*** RAW DATA Section Begins ***

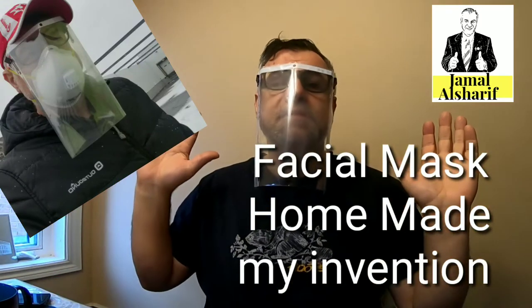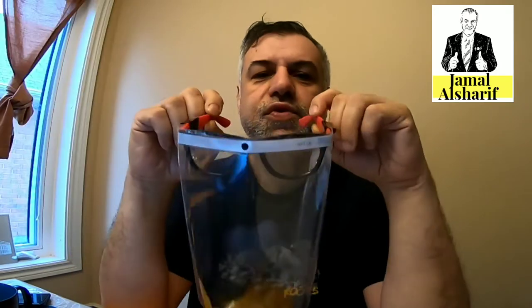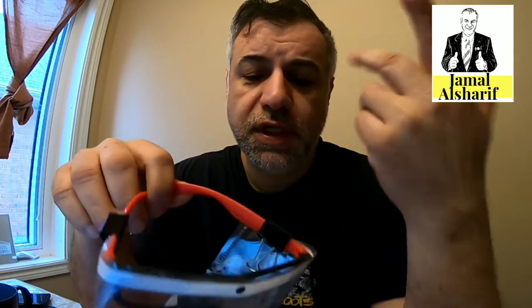Good morning, my friends. I know so many of you saw me wearing this mask on Facebook. I made a video in Arabic about it, but many of you started asking how to make it, so I will explain it in English — it will be my pleasure.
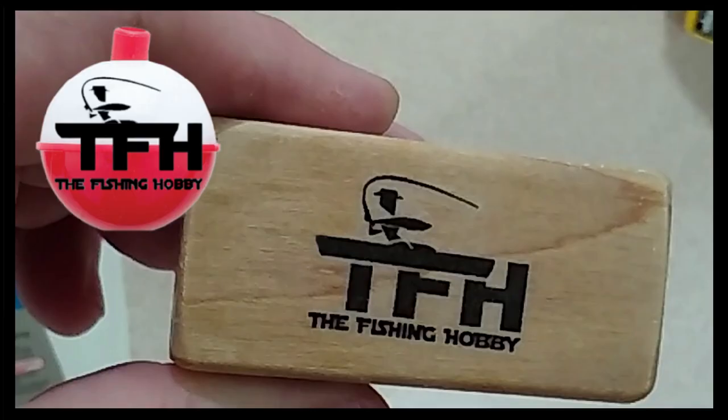I've seen videos in the past about how to transfer toner from a laser jet printer over to wood and metal and other materials. I decided I could probably find some uses for that in rod building. One of the things I'd planned on doing was making some butt caps with my logos on the back using this toner transfer method. I thought it might be a better idea to do a separate video just for the toner transfer process.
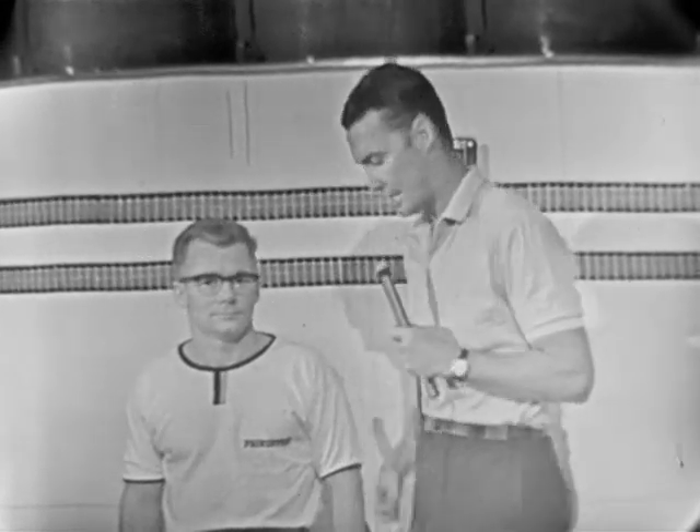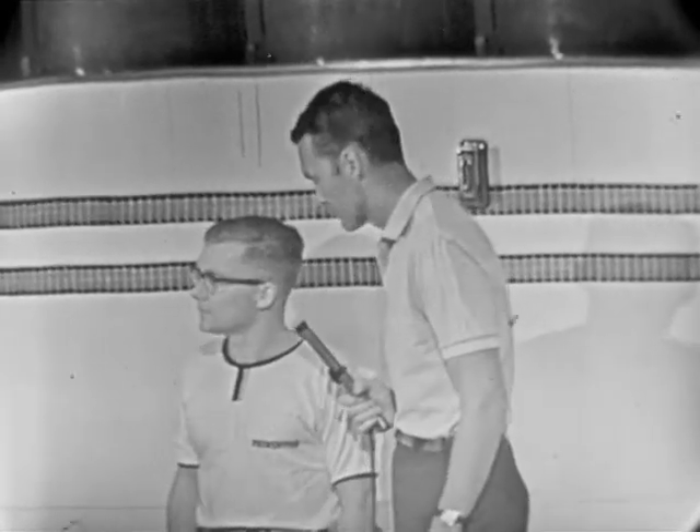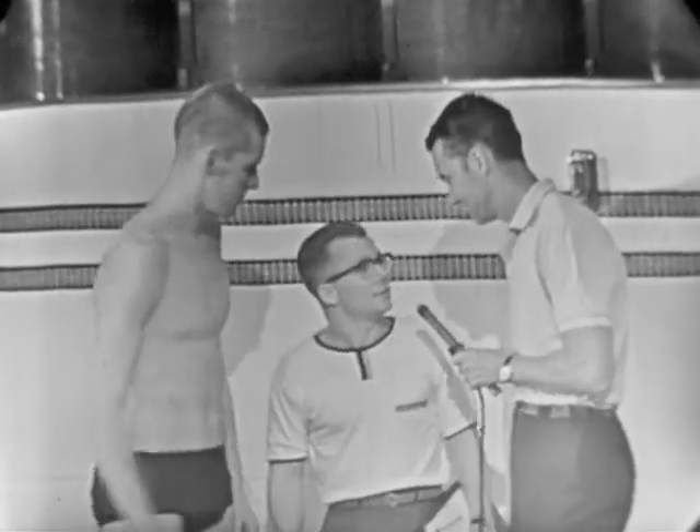The gentleman on my right here is Bobby Clotworthy, who's the Princeton University swimming coach and also took a gold medal in the springboard at the 1956 Olympics. Bob, we're going to talk a little bit about the backstroke here, and who's this tall swimmer you have here? This is Jed Graff from Princeton University. He's a freshman on the team.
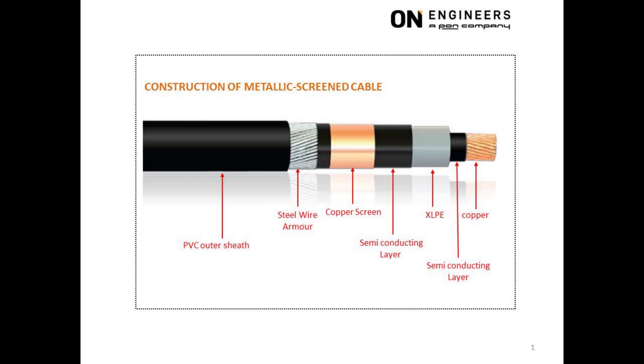The third layer is the XLPE insulation. XLPE has a voltage withstand of about 35 to 50kV per mm. As a reference, air is about 3kV per mm.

*** RAW DATA Section Ends ***

TASK TO CARRY OUT:
Please write out the lines from the one that holds "I've seen videos" through the end of the material, both ends included, exactly and with no pictures.

ANSWER TO THIS TASK:
I've seen videos in the past about how to transfer toner from a laser jet printer over to wood and metal and other materials. I decided I could probably find some uses for that in rod building. One of the things I'd planned on doing was making some butt caps with my logos on the back using this toner transfer method. I thought it might be a better idea to do a separate video just for the toner transfer process.
The gentleman on my right here is Bobby Clotworthy, who's the Princeton University swimming coach and also took a gold medal in the springboard at the 1956 Olympics. Bob, we're going to talk a little bit about the backstroke here, and who's this tall swimmer you have here? This is Jed Graff from Princeton University. He's a freshman on the team.
The third layer is the XLPE insulation. XLPE has a voltage withstand of about 35 to 50kV per mm. As a reference, air is about 3kV per mm.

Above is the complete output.